One of the boys went to a special football school in Ukraine and Judy said he loved the fact there was a donated red football waiting for him on his bed when he arrived.
The children started school two days after arriving and have already started making friends.
“They have already got a play date lined up for this weekend which is brilliant,” Judy added.
“Their friends are now different, their activities may be different but everyone is safe. They have also come on leaps and bounds in just a short time. They arrived pale and scared and not speaking much English but like wonderful sponges they have picked up so much vocabulary and even the High Peak accent!”
Judy says the community has been so welcoming and people have been turning up with gifts and money to help the family settle in.
During Tideswell Food Festival last weekend, Tideswell Brass band played the Ukrainian national anthem which brought tears to everyone’s eyes, she added.
Judy and her husband have also taken the family into Buxton where they said they were surprised to see the Ukrainian flag flying and were moved by people’s support.
The family have been offered free swimming and the mother is being supported by Zink to help her get a job.
“Even though they are smiling and trying to make a home, there are moments when you realise just what they have been through in these last few months,” Judy said.
“The boys saw a flat bed truck with scaffolding poles on it and they thought they were rockets. They thought the little black boxes on top of traffic lights were air raid sirens and they find it strange they haven’t heard a siren since they have been here.
“It will take time – of course it will. I also know that no matter how welcoming we and the whole community are all they want to do is to go home and return to a country with no conflict.
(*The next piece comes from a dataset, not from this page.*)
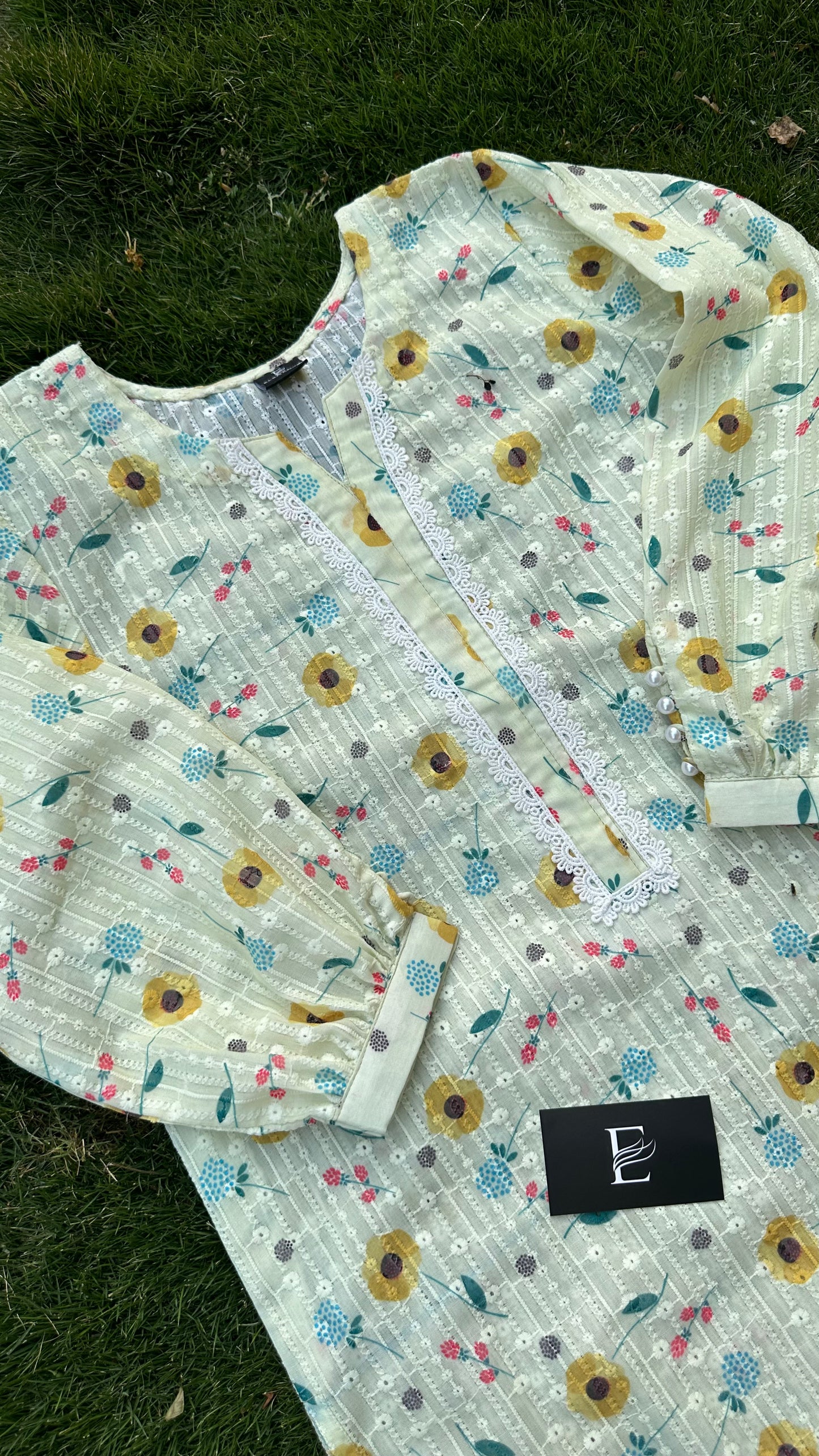CH- 10 lime yellow chikan printed kurta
“All we can do is keep telling them they are welcome here for as long as they need to be here and this is their home and their safe place.”
For anyone thinking of becoming a host, Judy suggests talking to any potential families as much as possible beforehand to find the best match.
She added: “It is a privilege and a pleasure to open my home to this family in their time of need and I hope others can do the same too.”
High Peak MP Robert Largan praised the borough’s support for refugees during a debate in Parliament last week, saying: “I have been struck by the number of local people who have stepped up to offer their support in any way that they can.”